MRCP is suitable for the abovementioned purposes. Furthermore, a major advantage of MRCP is that it is less invasive and involves no irradiation, unlike CT and endoscopic retrograde cholangiopancreatography (ERCP). MRCP is also superior to ERCP in the depiction of the overall biliary tract including the intrahepatic and extrahepatic bile ducts. Although it is a noninvasive test, which is particularly useful for pediatric patients, the visualization of PBM is often difficult for infants and patients with a short common channel.

The rate of MRCP accurately detecting CBD is reported to be 38–100%. In addition, the diagnostic criteria of MRCP for PBM are equivalent to those with ERCP; however, the definitive detection rate thereof is reported to be 60–100%. The detection rates of PBM for adults and children are reported to be 82–100% and 40–80%, respectively. In cases where the common channel is ≥15 mm, the detection rate is reported to be 82%. The incomplete detection of PBM is often due to the overlap of the dilated bile duct and PBM. As MRCP does not possess as high a spatial resolution as X-ray examinations, it is unclear how precisely it depicts complicated junctions. Therefore, in cases with short or complicated junction, a definitive diagnosis of PBM using direct cholangiography, such as ERCP or intraoperative cholangiography, is required [5].

3 Practical Consideration of MRCP

In practical use, MRCP requires some consideration. It is still challenging to perform high-quality MRCP in children, especially very young children, due to these patients’ small-caliber ducts, poor signal, and unavoidable patient motion, which creates artifacts.

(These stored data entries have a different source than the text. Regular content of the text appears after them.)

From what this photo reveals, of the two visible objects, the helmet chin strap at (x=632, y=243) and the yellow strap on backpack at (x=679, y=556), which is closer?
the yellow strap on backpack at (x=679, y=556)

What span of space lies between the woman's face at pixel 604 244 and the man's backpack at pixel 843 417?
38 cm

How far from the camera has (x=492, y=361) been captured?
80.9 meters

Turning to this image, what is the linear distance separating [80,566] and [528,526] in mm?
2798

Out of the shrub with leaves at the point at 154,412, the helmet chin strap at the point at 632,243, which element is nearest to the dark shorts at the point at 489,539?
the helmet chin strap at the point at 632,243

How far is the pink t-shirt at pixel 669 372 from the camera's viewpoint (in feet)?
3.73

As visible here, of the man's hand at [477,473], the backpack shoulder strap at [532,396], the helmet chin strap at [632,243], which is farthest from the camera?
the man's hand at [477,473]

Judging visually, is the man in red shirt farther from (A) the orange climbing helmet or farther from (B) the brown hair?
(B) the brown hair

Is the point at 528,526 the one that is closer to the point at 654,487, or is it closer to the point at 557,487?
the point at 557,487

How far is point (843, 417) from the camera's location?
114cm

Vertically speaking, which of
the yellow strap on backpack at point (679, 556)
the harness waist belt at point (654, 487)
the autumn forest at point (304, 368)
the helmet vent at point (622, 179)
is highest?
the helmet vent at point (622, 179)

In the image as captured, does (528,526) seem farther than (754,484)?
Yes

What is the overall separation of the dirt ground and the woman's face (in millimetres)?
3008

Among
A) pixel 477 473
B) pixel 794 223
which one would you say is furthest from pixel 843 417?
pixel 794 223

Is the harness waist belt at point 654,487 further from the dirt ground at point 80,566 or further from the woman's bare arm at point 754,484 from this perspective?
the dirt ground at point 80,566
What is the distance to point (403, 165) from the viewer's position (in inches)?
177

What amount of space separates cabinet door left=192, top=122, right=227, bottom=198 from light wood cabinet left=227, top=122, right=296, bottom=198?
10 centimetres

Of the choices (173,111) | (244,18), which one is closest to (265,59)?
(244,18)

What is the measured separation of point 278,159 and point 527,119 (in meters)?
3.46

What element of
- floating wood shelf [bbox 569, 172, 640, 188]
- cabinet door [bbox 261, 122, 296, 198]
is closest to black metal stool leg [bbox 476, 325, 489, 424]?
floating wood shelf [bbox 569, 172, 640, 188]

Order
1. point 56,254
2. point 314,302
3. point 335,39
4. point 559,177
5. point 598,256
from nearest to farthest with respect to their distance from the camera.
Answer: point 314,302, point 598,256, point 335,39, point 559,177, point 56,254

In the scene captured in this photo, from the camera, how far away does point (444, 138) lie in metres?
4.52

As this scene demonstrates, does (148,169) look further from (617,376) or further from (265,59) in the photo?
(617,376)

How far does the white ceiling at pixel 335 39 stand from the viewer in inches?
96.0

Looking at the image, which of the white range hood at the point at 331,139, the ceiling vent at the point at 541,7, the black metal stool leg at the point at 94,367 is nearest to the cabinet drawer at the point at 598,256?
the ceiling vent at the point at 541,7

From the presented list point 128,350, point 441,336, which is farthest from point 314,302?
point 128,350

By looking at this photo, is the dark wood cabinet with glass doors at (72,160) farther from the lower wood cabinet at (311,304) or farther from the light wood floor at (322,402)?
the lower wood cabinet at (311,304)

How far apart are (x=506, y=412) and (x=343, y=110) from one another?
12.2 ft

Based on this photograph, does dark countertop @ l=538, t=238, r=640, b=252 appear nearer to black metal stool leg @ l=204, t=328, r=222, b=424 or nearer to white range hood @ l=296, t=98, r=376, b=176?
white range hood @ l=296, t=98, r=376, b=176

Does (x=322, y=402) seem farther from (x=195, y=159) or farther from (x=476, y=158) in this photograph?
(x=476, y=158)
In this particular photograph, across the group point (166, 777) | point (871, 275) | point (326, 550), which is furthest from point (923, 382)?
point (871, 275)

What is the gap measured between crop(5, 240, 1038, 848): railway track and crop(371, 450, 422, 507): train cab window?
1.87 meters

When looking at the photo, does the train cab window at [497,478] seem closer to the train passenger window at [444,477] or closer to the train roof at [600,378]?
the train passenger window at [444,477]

The need for deep sedation because of the long sequence time is another major drawback of pediatric MRCP. In our institute, infants are sedated with 30–50 mg/kg of body weight oral chlorate hydrate, and children over 1 year of age who cannot tolerate the examination are administered 30–50 mg/kg thiopental sodium rectally.

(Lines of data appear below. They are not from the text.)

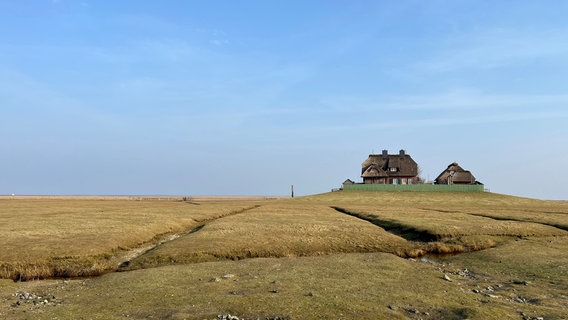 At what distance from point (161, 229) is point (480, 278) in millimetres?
35560

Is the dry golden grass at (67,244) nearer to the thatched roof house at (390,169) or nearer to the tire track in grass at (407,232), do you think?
the tire track in grass at (407,232)

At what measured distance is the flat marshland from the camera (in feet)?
59.1

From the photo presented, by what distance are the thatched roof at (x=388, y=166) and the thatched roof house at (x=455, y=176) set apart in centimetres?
1115

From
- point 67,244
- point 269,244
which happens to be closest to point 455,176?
point 269,244

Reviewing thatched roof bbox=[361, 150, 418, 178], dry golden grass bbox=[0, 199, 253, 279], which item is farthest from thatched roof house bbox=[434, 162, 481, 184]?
dry golden grass bbox=[0, 199, 253, 279]

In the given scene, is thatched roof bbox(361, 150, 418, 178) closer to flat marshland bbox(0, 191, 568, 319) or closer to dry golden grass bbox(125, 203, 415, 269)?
flat marshland bbox(0, 191, 568, 319)

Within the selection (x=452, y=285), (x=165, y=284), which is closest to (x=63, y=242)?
(x=165, y=284)

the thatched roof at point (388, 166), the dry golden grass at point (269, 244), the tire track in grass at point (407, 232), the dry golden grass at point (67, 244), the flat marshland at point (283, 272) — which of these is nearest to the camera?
the flat marshland at point (283, 272)

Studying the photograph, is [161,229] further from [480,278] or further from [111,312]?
[480,278]

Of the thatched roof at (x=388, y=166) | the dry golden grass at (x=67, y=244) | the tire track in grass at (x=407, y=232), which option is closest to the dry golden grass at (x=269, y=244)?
the tire track in grass at (x=407, y=232)

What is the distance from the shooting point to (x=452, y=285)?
2312 centimetres

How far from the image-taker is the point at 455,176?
15562 centimetres

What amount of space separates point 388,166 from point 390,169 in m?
1.39

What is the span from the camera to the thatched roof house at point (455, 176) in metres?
154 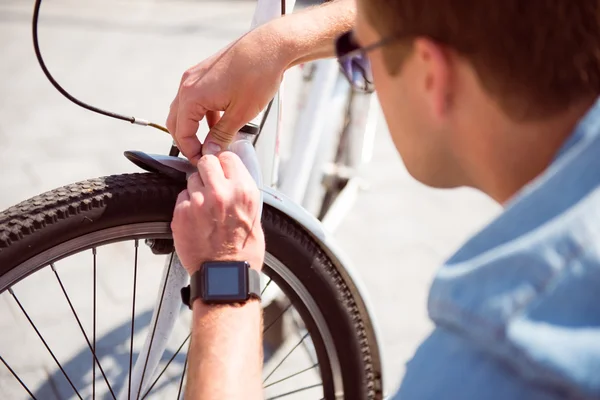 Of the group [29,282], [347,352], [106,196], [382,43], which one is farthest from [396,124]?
[29,282]

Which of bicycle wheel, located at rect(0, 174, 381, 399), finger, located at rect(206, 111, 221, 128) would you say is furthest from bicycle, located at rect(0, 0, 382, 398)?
finger, located at rect(206, 111, 221, 128)

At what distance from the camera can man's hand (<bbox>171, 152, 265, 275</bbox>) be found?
37.2 inches

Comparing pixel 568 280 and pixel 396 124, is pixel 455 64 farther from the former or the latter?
pixel 568 280

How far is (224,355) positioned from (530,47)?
51 cm

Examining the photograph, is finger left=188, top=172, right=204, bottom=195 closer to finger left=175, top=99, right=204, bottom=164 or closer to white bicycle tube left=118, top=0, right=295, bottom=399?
finger left=175, top=99, right=204, bottom=164

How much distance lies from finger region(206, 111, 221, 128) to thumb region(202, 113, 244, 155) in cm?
2

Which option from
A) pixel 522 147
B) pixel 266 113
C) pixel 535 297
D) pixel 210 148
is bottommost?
pixel 535 297

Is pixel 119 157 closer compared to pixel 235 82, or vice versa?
pixel 235 82

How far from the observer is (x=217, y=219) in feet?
3.08

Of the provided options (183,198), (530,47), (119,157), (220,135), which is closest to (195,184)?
(183,198)

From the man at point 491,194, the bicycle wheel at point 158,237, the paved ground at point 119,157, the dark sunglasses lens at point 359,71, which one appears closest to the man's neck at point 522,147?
the man at point 491,194

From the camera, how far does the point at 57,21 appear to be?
3.81 m

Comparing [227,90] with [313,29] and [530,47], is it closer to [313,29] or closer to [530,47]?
[313,29]

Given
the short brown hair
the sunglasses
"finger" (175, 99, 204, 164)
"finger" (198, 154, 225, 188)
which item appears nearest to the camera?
the short brown hair
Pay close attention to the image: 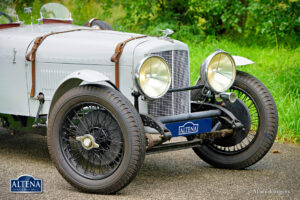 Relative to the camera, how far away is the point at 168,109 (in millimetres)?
4156

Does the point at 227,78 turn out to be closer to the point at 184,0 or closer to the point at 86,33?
the point at 86,33

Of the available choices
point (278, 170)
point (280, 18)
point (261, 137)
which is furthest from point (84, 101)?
point (280, 18)

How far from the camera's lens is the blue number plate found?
3.97 meters

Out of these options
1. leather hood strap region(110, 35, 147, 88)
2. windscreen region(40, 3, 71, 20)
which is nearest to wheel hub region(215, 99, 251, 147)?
leather hood strap region(110, 35, 147, 88)

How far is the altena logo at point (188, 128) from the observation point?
13.1 feet

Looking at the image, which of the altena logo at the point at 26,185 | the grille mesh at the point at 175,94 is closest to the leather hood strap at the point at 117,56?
the grille mesh at the point at 175,94

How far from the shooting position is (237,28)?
31.2ft

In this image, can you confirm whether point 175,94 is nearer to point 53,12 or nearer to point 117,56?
point 117,56

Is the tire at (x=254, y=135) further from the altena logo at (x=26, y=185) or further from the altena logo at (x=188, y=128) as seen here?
the altena logo at (x=26, y=185)

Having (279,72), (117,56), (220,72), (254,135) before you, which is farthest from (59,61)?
(279,72)

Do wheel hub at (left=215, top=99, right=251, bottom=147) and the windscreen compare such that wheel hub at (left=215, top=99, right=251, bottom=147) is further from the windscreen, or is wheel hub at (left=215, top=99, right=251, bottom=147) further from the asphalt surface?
the windscreen

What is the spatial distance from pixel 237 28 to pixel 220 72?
5479 mm

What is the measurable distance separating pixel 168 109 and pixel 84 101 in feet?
2.54

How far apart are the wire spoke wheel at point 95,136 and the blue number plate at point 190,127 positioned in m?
0.47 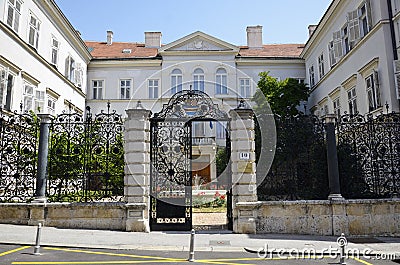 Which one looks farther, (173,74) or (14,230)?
(173,74)

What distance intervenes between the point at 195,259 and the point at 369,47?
15782mm

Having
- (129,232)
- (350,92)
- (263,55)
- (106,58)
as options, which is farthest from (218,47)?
(129,232)

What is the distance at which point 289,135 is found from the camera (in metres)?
11.4

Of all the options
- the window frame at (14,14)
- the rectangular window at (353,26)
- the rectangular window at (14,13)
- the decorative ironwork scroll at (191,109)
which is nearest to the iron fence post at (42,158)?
the decorative ironwork scroll at (191,109)

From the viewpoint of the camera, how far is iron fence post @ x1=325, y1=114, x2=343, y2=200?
10688 millimetres

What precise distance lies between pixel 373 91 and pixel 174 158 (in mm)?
12075

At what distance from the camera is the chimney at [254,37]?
119 feet

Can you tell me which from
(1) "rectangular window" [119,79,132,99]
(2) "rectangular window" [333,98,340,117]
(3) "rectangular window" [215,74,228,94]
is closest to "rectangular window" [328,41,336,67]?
(2) "rectangular window" [333,98,340,117]

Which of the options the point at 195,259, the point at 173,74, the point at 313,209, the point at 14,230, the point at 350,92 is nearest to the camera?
the point at 195,259

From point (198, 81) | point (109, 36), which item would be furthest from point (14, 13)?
point (109, 36)

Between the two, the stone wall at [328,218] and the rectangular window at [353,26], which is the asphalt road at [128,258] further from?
the rectangular window at [353,26]

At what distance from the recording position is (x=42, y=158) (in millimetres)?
10742

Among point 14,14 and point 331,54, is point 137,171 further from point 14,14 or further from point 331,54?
point 331,54

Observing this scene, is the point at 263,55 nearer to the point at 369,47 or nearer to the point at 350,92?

Although MRCP has been shown to be almost 100% accurate in the evaluation of a choledochal cysts, the visualization rate of PBM ranges from 40% to 83% [6]. It is particularly difficult to visualize PBM in children under 2 years of age and in those with a large choledochal cyst overlapping PBM.

In our institute, routine MRCP imaging is preoperatively performed using the Intera 1.5 T (Philips, Best, Netherlands) with a body array wraparound coil without breath-holding. Patients are studied in the supine position with a thick-slab 2D turbo spin echo (TSE), obtaining coronal and oblique coronal 40 mm thick slices on a 320 × 256 matrix. These image sections are then processed by the standard maximum intensity projection (MIP) algorithm to obtain views of the entire pancreaticobiliary system.

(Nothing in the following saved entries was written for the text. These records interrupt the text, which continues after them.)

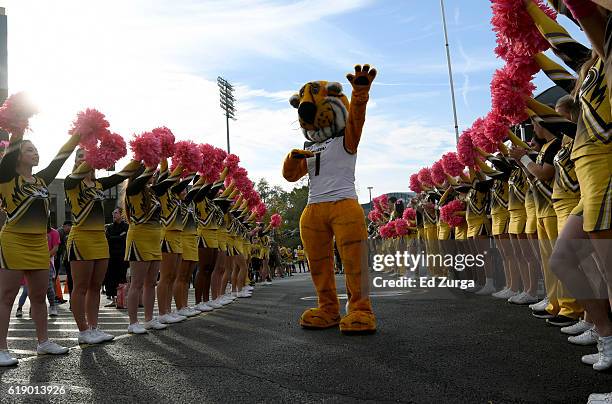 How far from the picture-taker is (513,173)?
22.9ft

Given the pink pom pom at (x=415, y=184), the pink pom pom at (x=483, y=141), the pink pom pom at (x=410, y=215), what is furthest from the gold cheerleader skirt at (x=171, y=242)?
the pink pom pom at (x=410, y=215)

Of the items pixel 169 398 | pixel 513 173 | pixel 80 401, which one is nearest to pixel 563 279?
pixel 169 398

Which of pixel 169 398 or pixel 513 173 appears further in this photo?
pixel 513 173

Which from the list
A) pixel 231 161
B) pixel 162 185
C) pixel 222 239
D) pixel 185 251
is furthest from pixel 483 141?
pixel 231 161

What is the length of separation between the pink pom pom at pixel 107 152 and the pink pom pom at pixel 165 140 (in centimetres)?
103

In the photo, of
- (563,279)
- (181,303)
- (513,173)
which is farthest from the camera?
(181,303)

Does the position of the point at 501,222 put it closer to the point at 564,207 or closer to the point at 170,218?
the point at 564,207

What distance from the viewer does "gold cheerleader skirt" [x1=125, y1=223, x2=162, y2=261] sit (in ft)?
20.3

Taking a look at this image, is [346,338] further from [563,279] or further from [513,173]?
[513,173]

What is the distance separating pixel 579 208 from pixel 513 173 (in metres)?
4.21

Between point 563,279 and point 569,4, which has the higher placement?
point 569,4

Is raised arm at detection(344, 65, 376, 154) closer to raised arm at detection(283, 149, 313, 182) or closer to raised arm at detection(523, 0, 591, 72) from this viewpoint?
raised arm at detection(283, 149, 313, 182)

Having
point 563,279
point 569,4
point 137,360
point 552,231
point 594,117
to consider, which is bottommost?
point 137,360

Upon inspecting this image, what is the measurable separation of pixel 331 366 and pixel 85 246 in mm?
3260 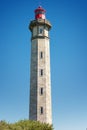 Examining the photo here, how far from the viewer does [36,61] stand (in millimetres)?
35000

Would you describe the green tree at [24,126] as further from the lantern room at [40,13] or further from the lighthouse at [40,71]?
the lantern room at [40,13]

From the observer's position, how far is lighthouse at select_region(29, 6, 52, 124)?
32.6 m

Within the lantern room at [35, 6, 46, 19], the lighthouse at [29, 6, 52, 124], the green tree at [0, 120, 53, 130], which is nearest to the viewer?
the green tree at [0, 120, 53, 130]

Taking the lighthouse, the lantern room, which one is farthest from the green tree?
the lantern room

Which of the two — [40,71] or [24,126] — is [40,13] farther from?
[24,126]

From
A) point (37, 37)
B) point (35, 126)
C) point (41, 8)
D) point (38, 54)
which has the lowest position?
point (35, 126)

In our series, MRCP was able to demonstrate the extrahepatic bile duct clearly in all patients. The gallbladder was visualized in 92.6%, and the main pancreatic duct was visualized in 81.5%. However, MRCP was able to visualize PBM in only 44.4% of cases, and the minimum age for successful visualization of PBM with MRCP was 1 year and 11 months. This means that we obtained a diagnostic accuracy of almost 100% in the presence of a choledochal cyst, but the accurate diagnosis rate of PBM was under 50% in the MRCP study. Therefore, routine direct cholangiography is still mandatory, especially in non-dilatation-type PBM [7].

However, MRCP is being used increasingly frequently and has become a viable alternative to ERCP for diagnostic purposes. Furthermore, MRCP can visualize the other surrounding organs outside the pancreaticobiliary luminal structure, including hepatosplenomegaly, hepatic tumors, pancreatic masses, intestinal disease, cystic kidney, and so on. Several recent technological advances have resulted in improvements in coil technology, an increased speed of acquisition, and refinements in respiratory compensation techniques. Therefore, continuous improvements in the image quality are expected to lead to greater diagnostic accuracy of MRCP in the near future.